Ende der Arbitragegerichte

Recht Russland

Das russische Gerichtssystem besteht bislang, neben dem Verfassungsgericht, aus zwei Gerichtszweigen: den ordentliche Gerichten, zuständig für Zivil- und Strafsachen, und den Arbitragegerichten. Grundlage hierfür sind die Art. 126 und 127 der Verfassung, in denen die Differenzierung zwischen den ordentlichen Gerichten und den Arbitragegerichten festgelegt wird. Die Arbitragegerichte sind zuständig für die Lösung von wirtschaftlichen Streitigkeiten, die sich sowohl aus zivilrechtlichen als auch aus verwaltungsrechtlichen Sachverhalten ergeben können.
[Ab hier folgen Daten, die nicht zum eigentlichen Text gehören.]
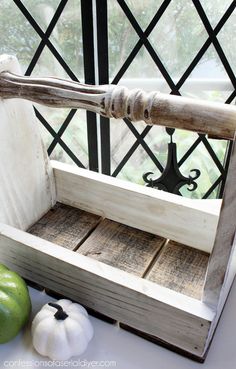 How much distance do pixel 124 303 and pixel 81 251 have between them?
0.13 metres

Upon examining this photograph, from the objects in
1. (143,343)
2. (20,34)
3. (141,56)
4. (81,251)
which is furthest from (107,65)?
(143,343)

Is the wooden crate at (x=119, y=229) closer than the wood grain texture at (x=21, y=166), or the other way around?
the wooden crate at (x=119, y=229)

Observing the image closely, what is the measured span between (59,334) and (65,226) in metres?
0.21

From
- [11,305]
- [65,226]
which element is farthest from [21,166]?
[11,305]

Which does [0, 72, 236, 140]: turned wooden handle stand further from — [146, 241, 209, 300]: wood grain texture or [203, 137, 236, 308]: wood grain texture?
[146, 241, 209, 300]: wood grain texture

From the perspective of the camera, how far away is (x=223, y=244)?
37 cm

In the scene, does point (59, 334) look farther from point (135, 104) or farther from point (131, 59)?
point (131, 59)

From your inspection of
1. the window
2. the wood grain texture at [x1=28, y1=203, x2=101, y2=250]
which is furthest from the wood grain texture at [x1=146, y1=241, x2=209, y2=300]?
the window

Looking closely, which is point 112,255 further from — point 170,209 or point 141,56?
point 141,56

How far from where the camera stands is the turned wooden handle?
1.14 ft

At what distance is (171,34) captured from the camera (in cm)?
62

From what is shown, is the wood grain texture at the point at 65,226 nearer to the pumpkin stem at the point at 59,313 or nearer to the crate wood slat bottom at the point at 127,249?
the crate wood slat bottom at the point at 127,249

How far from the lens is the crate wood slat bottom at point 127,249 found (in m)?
0.50

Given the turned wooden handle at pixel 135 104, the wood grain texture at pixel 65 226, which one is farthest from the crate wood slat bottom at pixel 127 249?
the turned wooden handle at pixel 135 104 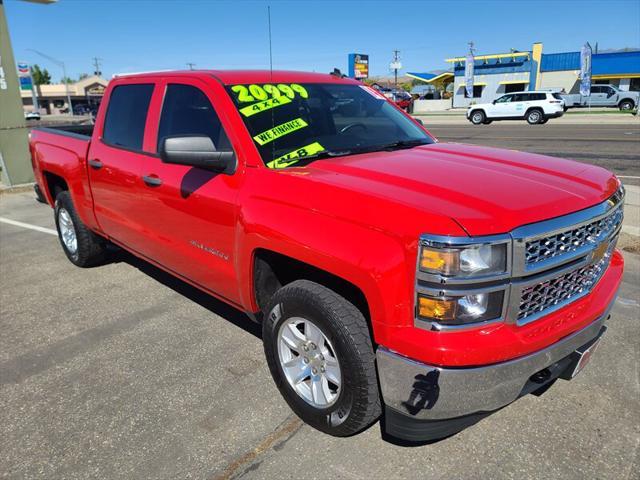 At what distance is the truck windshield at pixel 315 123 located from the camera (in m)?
3.04

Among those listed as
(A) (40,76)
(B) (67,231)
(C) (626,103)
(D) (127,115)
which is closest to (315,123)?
(D) (127,115)

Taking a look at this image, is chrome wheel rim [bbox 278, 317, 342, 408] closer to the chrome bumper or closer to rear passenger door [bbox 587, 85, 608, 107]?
the chrome bumper

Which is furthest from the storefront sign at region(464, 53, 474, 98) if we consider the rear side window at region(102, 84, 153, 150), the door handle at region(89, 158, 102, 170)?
the door handle at region(89, 158, 102, 170)

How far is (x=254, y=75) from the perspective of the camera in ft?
11.5

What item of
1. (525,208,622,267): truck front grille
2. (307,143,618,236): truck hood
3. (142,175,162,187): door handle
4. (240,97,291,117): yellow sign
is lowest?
(525,208,622,267): truck front grille

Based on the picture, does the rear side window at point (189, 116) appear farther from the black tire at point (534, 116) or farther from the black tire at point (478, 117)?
the black tire at point (478, 117)

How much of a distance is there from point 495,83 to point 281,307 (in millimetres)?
60092

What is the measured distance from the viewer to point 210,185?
10.1ft

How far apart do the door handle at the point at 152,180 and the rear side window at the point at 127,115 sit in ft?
1.09

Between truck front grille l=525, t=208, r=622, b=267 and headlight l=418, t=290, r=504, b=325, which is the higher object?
truck front grille l=525, t=208, r=622, b=267

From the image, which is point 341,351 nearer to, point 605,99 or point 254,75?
point 254,75

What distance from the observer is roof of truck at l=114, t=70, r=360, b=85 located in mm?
3387

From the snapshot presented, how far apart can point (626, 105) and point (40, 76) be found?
436ft

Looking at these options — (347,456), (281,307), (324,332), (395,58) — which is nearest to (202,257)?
(281,307) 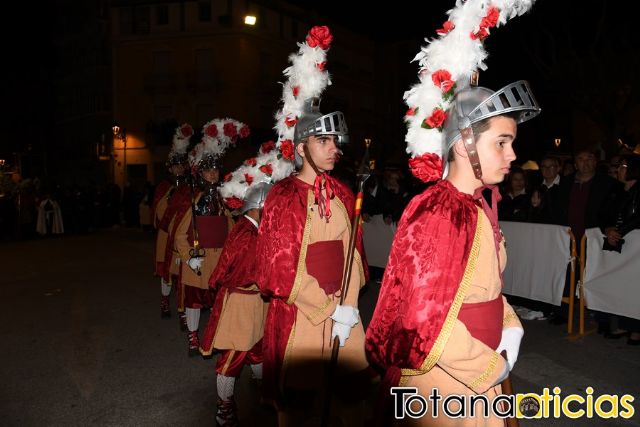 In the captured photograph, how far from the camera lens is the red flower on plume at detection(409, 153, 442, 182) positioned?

Entwickelt hat sich dieser Gerichtszweig aus der ‚Gosarbitrazh‘ sowjetischer Prägung, die die Aufgabe hatten, Streitigkeiten zwischen Staatsunternehmen im Zuge der Ausführung der staatlichen Wirtschaftspläne zu lösen. Daraus ergab sich nach der Anerkennung als einem eigenständigen Gerichtszweig eine an die Qualität der Parteien anknüpfende Zuständigkeit für Streitigkeiten zwischen Unternehmen bzw. juristischen Personen. Diese Differenzierung anhand der Parteien gilt noch heute. Sie wurde aber weiterentwickelt in Richtung auf eine Zuständigkeit in wirtschaftlichen Streitigkeiten, die in bestimmten Fällen auch Privatpersonen offen steht. Spezialisierte Verwaltungsgerichte gibt es daneben bislang nicht.

Am 7.Oktober 2013 hatte der Präsident einen Gesetzentwurf in die Duma eingebracht, der eine Aufhebung des Art. 127 Verfassung, der das Oberste Arbitragegericht nennt, und eine Änderung des Art. 126 der Verfassung der Gestalt zum Inhalt hat, dass das Oberste Gericht auch für wirtschaftliche und verwaltungsrechtliche Streitigkeiten zuständig sein soll.

In den Erläuterungen zum Gesetzentwurf wurden als Gründe für die Reform die Ziele der Wahrung der Einheitlichkeit der Rechtsprechung genannt und die Vermeidung von Fällen, in denen es wegen unklarer Zuständigkeiten zu einer Verweigerung des gerichtlichen Schutzes kommt.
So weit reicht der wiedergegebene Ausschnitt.